Roy starts with this rather odd “summary:
Summary: Microsoft takes the Apple approach to pushing Java/Linux aside while Nokia gets more litigious as well
This is odd given how he never mentions Java again in the article. Just what does he think he is summarizing? And what does he mean by Apple shoving Java aside? Sure, they no longer include it preinstalled, but given that OS X now gets Java directly from the source, this means it will likely get better on OS X. Why put this down? And many desktop Linux distros do not have Java pre-installed either. Roy does not claim they are pushing Java to the side. It is just an odd and biased claim that has nothing to do with the article he says he is summarizing.
POOR Microsoft and poor Apple. They just do not know how to stop Linux anymore, so they join forces and attack en masse with help from patent trolls.
While each competes with Linux, has either said they want to “stop Linux”? Just yesterday Roy referred to SUSE as “Microsoft Linux” and claimed “It is probably worth emphasising yet again that SUSE is funded by Microsoft and it pays Microsoft for GNU/Linux.

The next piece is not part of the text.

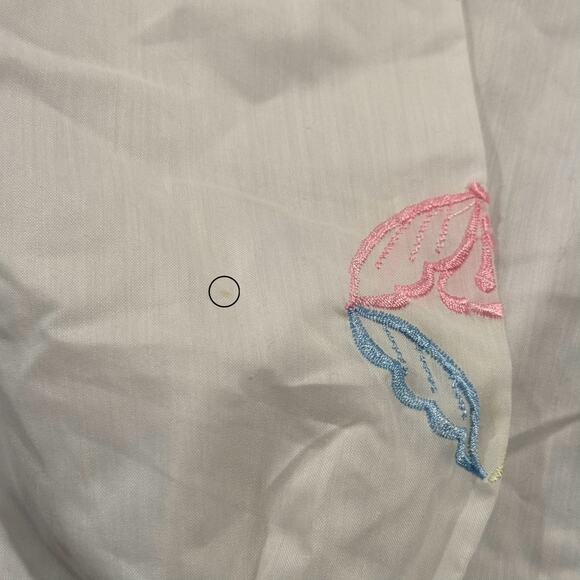 Vintage Top Cottage Coastal Grandma Boho Embroidered Floral Button Up White 2X - Picture 7 of 8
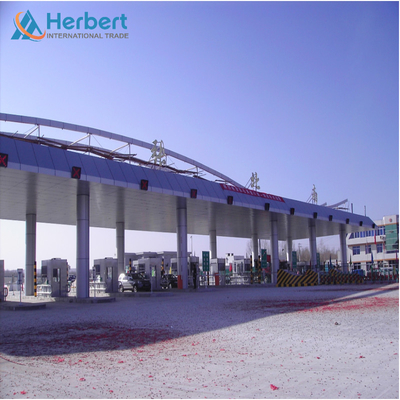 EPS PU Roof Toll Booth Construction 0.8mm Roof Toll Plaza Canopy 4-8 Lanes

If SUSE gets preloaded on a machine, that’s a victory for Microsoft“. Ah, maybe Roy thinks Microsoft if trying to stop Linux by helping to fund, support and profit from a Linux distro. His claims are self-contradictory.
More patent aggression against phones. Not to mention Apple’s appalling behaviour, which ended up in embargo after pathetic lawsuits. Apple ignored all prior art and tried to stifle the presence of competition
Once again, Roy is pretending like Apple and Microsoft are the only ones suing companies over alleged patent infringements. As noted yesterday, this is simply not true, as discussed by Thomas Reuters and by Forbes. Roy has a very hard time being honest on these matters.

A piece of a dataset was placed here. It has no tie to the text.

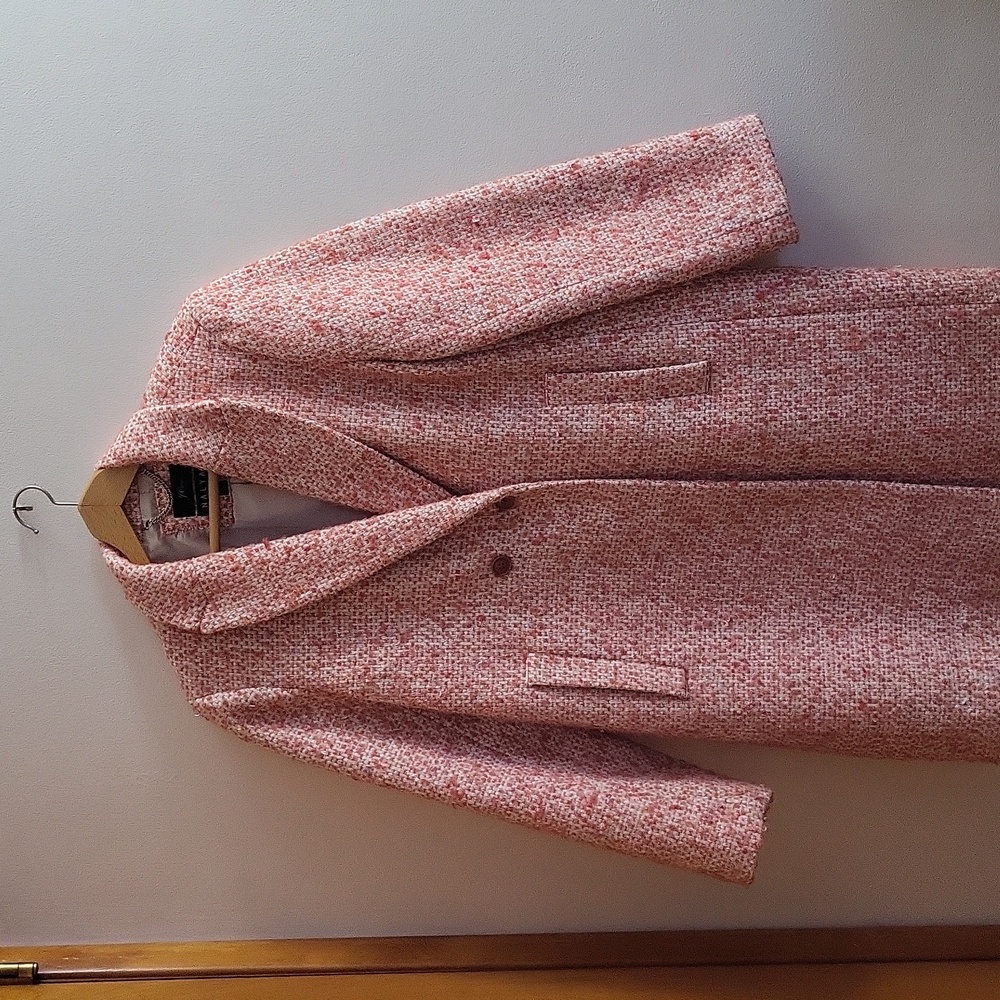 J. Crew Daphne Top Coat Italian Tweed Guava Pink Size 12 - Picture 4 of 11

Two ways of looking at this. One way is to say that companies who sue for patent infringement are doing so because they are evil or want to compete unfairly. The other take on it is that companies have every right to protect their own work. I cannot buy a copy of the latest Stephen King novel, change the names and some other details and then sell it as my own. Even though authors base their work on what they have read before, their work is their own and I have no such rights to it.
It does not take complex laws to understand this point. I have young children at home I read to; I recently finished a Romona and Beezus book where the concept was discussed in the context of a first grade classroom:
In first grade, Susan copies Ramona’s paper bag owl. The teacher holds up Susan’s owl to show the class how pleased she is with her work. Ramona is so angry with Susan for copying and getting all the credit that she crumples up Susan’s owl. She gets in trouble for that, too, and is forced to apologize to Susan in front of the entire class the following day.

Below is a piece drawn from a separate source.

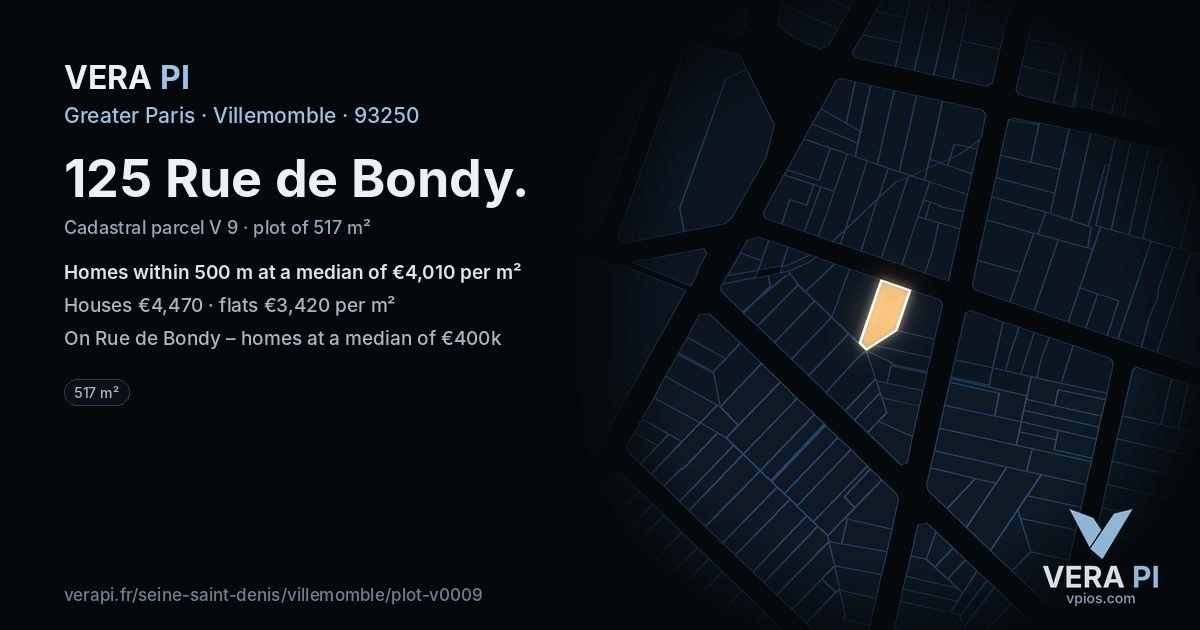 125 Rue de Bondy, Villemomble at night – the plot lit, the parcels around coloured by the prices near them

While the term is never used, Susan copies Ramona’s IP – and this is seen as being wrong by the main characters and it is assumed, without any sign of question, that the reader will get this. This is a book for kids. Yes, kids get the concept that taking someone else’s idea is wrong.
In the open source ecosystem developers tend to have much less attachment to their work – they do not mind when it is used by others. Even then, though, the GPL makes it clear that there are limits on how IP can be used; if those conditions are not held to the owners of the IP have the right to insist – in court if needed – that those who use their code follow their wishes.
When the shoe is on the other foot, and Roy thinks Apple is going against the IP rules of open source developers, he demonizes Apple for breaking IP rules:
SINCE the end of May we have been posting about half a dozen items about Apple’s hostility towards the GPL, which it excluded/removed rather than comply with.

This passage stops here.